*Aim of the exercise*: Where a line contains the word "high", copy that line from the records below.

****************************************

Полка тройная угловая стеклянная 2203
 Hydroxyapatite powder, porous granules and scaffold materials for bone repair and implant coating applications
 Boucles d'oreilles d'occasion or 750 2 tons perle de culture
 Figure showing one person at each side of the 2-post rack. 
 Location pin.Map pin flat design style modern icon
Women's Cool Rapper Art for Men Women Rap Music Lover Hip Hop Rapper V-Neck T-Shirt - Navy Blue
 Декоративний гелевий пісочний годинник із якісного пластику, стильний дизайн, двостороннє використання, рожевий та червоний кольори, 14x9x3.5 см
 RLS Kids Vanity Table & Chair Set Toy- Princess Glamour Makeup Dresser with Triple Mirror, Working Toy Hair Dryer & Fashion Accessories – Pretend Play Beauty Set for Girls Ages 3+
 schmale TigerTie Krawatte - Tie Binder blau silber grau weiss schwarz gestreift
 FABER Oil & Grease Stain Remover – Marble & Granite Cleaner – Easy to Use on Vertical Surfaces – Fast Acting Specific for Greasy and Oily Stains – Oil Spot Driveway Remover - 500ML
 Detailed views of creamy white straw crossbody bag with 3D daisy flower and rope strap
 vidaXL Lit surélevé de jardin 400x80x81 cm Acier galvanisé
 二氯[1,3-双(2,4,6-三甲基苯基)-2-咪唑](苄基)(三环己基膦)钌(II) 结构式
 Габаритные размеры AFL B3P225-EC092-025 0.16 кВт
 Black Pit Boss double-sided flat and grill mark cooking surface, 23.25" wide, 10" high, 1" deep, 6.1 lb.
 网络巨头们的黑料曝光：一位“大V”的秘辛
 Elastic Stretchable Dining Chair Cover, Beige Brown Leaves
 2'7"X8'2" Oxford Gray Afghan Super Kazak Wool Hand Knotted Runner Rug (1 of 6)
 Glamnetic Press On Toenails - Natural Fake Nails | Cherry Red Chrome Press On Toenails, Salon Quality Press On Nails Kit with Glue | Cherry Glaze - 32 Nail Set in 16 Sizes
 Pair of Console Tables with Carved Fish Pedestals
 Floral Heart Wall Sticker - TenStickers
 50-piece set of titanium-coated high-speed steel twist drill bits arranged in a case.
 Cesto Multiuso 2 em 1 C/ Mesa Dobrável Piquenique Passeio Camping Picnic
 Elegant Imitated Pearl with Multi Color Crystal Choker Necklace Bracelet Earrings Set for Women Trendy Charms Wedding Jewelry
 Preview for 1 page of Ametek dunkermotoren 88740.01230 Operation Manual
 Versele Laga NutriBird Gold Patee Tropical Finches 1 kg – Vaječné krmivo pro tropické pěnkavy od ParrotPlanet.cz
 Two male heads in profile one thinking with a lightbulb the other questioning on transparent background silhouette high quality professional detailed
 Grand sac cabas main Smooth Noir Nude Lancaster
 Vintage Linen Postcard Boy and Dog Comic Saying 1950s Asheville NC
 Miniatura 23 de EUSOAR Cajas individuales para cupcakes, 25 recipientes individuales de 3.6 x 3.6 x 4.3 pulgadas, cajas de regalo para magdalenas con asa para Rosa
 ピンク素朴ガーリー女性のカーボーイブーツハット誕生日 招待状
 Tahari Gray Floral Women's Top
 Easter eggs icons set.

****************************************

*Response box*:
 Black Pit Boss double-sided flat and grill mark cooking surface, 23.25" wide, 10" high, 1" deep, 6.1 lb.
 50-piece set of titanium-coated high-speed steel twist drill bits arranged in a case.
 Two male heads in profile one thinking with a lightbulb the other questioning on transparent background silhouette high quality professional detailed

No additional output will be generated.